Il prezzo di questa ri-conoscibilità globale è l’elisione delle differenze: la storia equivale alla Storia, la realtà sfuma nella finzione (e viceversa!), le città si somigliano tutte, così come maschio e femmina, scienza e religione. Le grandi questioni del sacro femminino e dell’etica della pratica scientifica sono risolteda un eroe che tutto comprende, tutto ottiene, tutto vince.

Un’altra dimensione di fondamentale importanza per la narrativa di Brown è il suo potenziale adattativo transmediale, caratteristica comune a molti prodotti del mercato globalizzato della comunicazione letteraria. Libri che sono già sceneggiature cinematografiche, o che dal cinema e dalla TV (e anche dai nuovi media) hanno ormai mutuato tecniche, caratterizzazioni, linguaggi, effetti speciali. Come la saturazione ipercromatica cui assistiamo in certe serie TV poliziesche, o la concentrazione segnica dei parchi tematici.
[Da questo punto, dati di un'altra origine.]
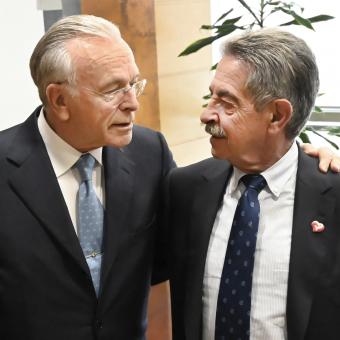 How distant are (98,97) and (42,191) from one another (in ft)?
1.03

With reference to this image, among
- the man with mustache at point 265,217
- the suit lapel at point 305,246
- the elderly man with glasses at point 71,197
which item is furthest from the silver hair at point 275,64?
the elderly man with glasses at point 71,197

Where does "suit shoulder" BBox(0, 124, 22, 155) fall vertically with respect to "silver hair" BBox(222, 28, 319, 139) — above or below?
below

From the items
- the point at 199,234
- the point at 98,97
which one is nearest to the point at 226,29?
the point at 98,97

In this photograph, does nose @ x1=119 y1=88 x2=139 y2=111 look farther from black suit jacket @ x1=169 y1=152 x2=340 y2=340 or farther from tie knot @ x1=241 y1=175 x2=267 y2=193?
tie knot @ x1=241 y1=175 x2=267 y2=193

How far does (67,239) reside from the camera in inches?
68.4

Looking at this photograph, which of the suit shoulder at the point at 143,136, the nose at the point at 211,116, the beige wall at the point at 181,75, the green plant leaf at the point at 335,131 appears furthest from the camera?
the beige wall at the point at 181,75

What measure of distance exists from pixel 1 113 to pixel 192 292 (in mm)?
1787

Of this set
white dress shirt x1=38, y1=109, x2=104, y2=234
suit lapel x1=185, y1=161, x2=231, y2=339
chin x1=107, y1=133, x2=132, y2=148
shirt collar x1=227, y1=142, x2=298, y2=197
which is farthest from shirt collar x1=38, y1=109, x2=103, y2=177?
shirt collar x1=227, y1=142, x2=298, y2=197

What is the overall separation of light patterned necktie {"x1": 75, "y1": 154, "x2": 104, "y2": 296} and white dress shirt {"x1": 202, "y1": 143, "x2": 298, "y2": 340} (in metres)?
0.33

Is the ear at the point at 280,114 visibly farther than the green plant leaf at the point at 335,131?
No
Mondi in realtà aumentata.

In che modo è possibile applicare le teorie sul Mind Reading?
Le teorie sul Mind Reading (o Teoria della Mente), cioè la facoltà di intuire il pensiero e le emozioni altrui (ed eventualmente condividerle empaticamente), sono sovente applicate nell’ambito degli studi sui disturbi dello spettro autistico, condizione che registra le scarse competenze sociali dei soggetti e la loro predilezione per narrazioni fortemente connotate in senso fattuale. Numerosi esperimenti di natura clinica o esplorativa sono a tutt’oggi condotti anche in Italia con una speciale attenzione alle narrazioni e ai meccanismi della loro comprensione e produzione, in particolare nelle età infantili.
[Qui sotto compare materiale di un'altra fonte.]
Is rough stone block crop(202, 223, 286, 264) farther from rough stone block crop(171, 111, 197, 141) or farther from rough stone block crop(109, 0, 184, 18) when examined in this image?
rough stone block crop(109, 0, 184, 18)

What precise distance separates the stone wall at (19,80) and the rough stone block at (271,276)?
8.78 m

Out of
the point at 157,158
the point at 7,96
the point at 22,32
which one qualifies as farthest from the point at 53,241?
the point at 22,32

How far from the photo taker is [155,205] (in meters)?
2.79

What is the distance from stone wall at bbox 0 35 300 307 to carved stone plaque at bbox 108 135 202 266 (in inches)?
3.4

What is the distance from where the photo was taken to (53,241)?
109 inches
In ambito letterario, la critica americana Lisa Zunshine sostiene che il nostro immedesimarci senza pericolo in uno scenario sociale con opportunità e rischi costituisca il motivo principale del nostro leggere romanzi. La fiction sarebbe cioè un campo di prova per esercitare questa straordinaria facoltà sociale. Che non è solo umana, pare, ma che nella specie umana sarebbe stata affinata dall’evoluzione in modo estremamente sofisticato, come affermano alcuni critici (ad esempio Boyd e Gottschall), contribuendo a sua volta allo sviluppo di potenziali cognitivi/emotivi esclusivi della nostra specie.
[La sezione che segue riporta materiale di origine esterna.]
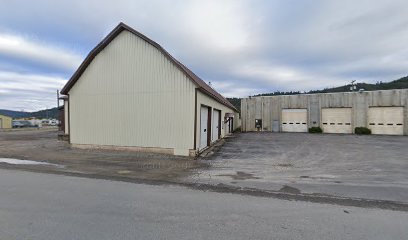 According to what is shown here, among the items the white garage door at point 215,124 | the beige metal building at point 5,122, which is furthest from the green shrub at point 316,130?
the beige metal building at point 5,122

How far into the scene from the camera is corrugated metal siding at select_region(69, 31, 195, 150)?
546 inches

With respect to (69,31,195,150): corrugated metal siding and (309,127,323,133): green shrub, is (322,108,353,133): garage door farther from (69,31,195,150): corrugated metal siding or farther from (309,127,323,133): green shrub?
(69,31,195,150): corrugated metal siding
Se questo fosse vero, si aprirebbero notevoli possibilità per una ridefinizione dei presupposti deittici e retorici del genere romanzo (e perché non di altri generi?) e dei suoi sottogeneri, dalla crime fiction al romanzo modernista, ciascuno elaborato e goduto per corrispondere finzionalmente a scenari connotati evolutivamente: la difesa dai predatori, la scelta di un partner, e così via. Su di un piano metaletterario, infine, lo sforzo implicito che produciamo per comprendere la mente di un artista vissuto magari qualche secolo fa va sicuramente ascritto alla dimensione del Mind Reading.